“Scold Turkey” (Armenian genocide denial)

underrug

One of th­­­e stronger arguments against conspiracy theories is the decades-long silence that would need to be maintained by the extraordinary number of people that would have to be involved in them.

To be sure, governments have perpetrated misdeeds and attempted to cover them up. But the difference between, say, the Tuskegee syphilis experiments and the moon landing is that a whistleblower exposed the former, while none of the thousands of NASA employees or o­­ther scientists have come forward to explain how a lunar hoax was perpetrated.

And whereas Watergate was blown open by two tireless reporters, thousands of birthers have dedicated eight years of what passes for their lives to proving where Obama was born and have yet to produce a birth certificate from a Nairobi hospital.

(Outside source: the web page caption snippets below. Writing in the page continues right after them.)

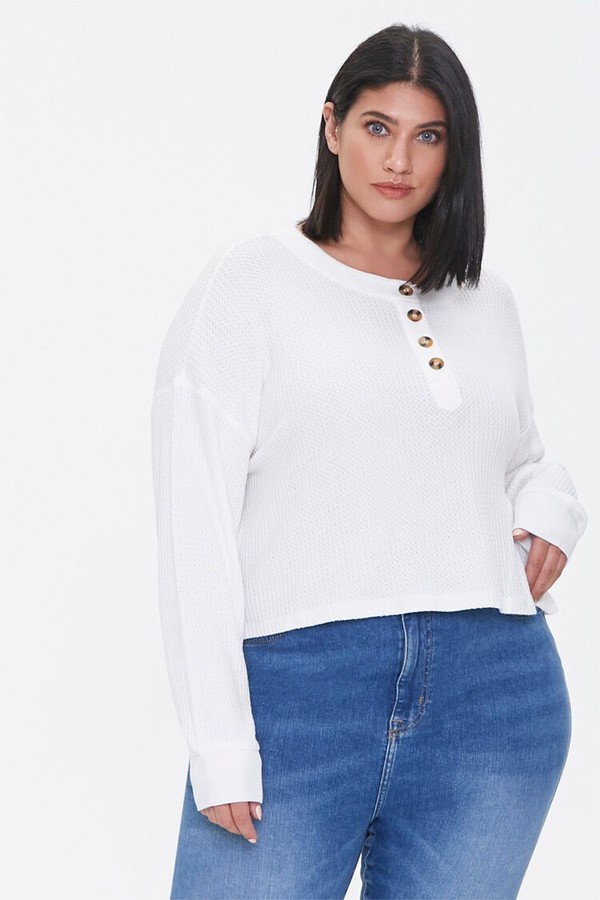 Plus size waffle knit henley Clearance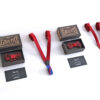 papillon e gemelli in legno wenge con bretelle in stoffa Gigetto floreale barocco rosso e blu personalizzabile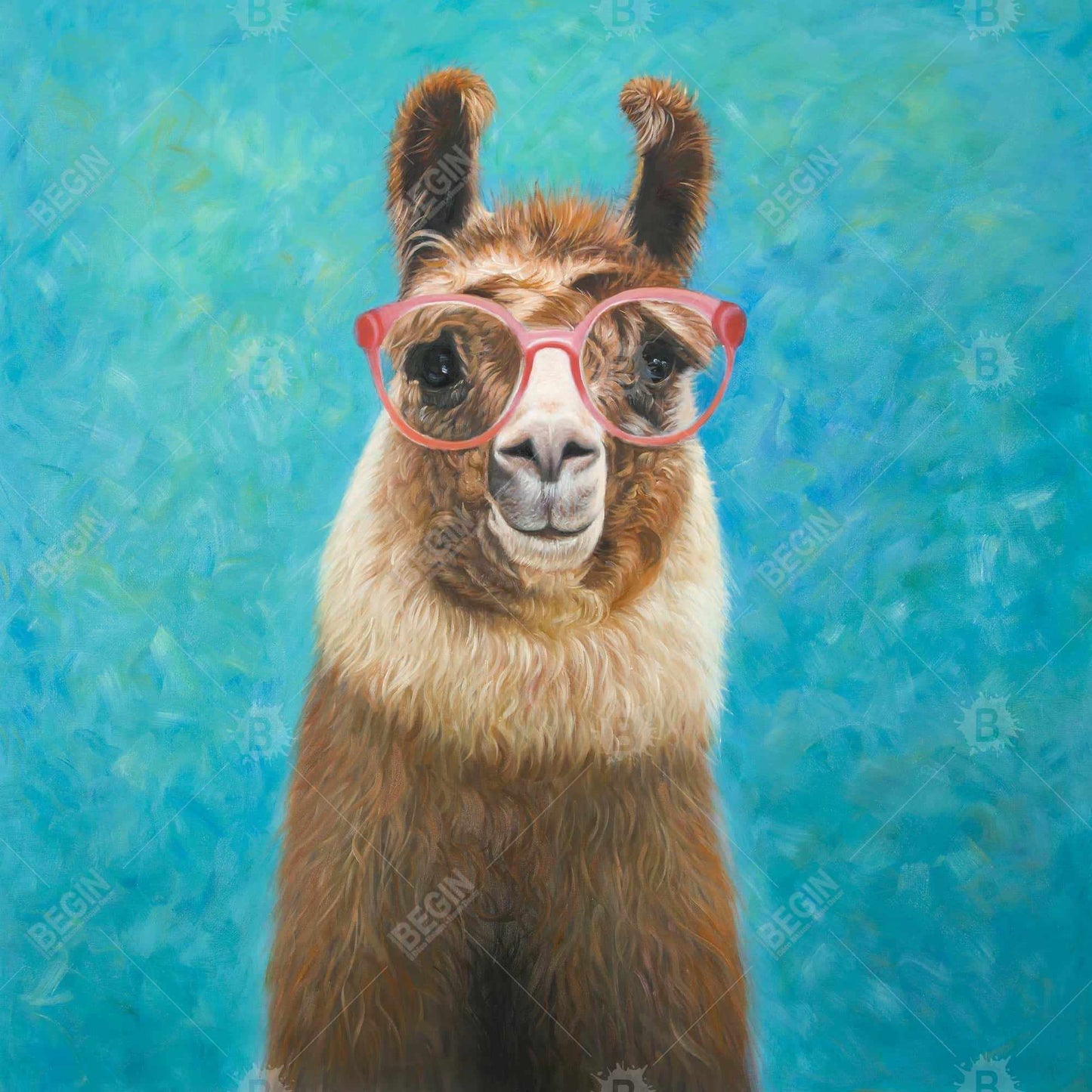 Lovable Llama Brown Canvas | Bedroom Animal Decor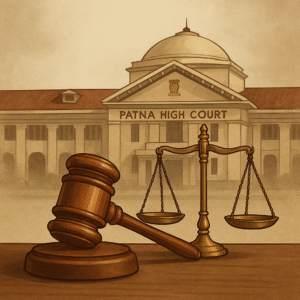 Digital illustration of Patna High Court building with gavel and scales of justice representing judgment on daily wage workers’ review case.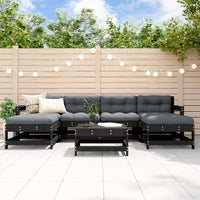 Thumbnail for 7-tlg. Garten-Lounge-Set mit Kissen Schwarz Massivholz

Anyone genuinely interested in the truth would have been satisfied with a birth certificate from Hawaiian officials and birth announcements in Honolulu newspapers. But conspiracy theorists, by their nature, consider contrary evidence to be part of the cover-up.

But I wanted to address perhaps the only case of overwhelming evidence being denied, at least officially, by persons that would probably not be called conspiracy theorists. It centers on Turkey’s denial of the Armenian genocide perpetrated by the Ottoman Empire during and after World War I.

Many governments and academics have endorsed this idea. With national governments, the denial is usually through inaction. Where’s an Asimov robot when you need one? The governments probably won’t say it didn’t happen, they will just resist all requests to acknowledge it. Denialists in academia, meanwhile, hold a stronger position.  

Governments are reluctant to acknowledge the genocide because of Turkey’s position in the world, both literally and figuratively. Istanbul is the only city that occupies two continents and this is symbolic of Turkey’s not-quite-east, not-quite-west status that gives it an advantageous middle ground from which to operate. It sits between two vastly different regions and cultures, as one can drive from Bulgaria to Syria and hit only Turkey in between. It may be the only nation that maintains friendly ties with both Israel and Iran. Evidence for the Armenian genocide is as strong as is proof for the ones perpetrated in Rwanda, Cambodia, and Bosnia, but those other countries lack Turkey’s diplomatic power standing.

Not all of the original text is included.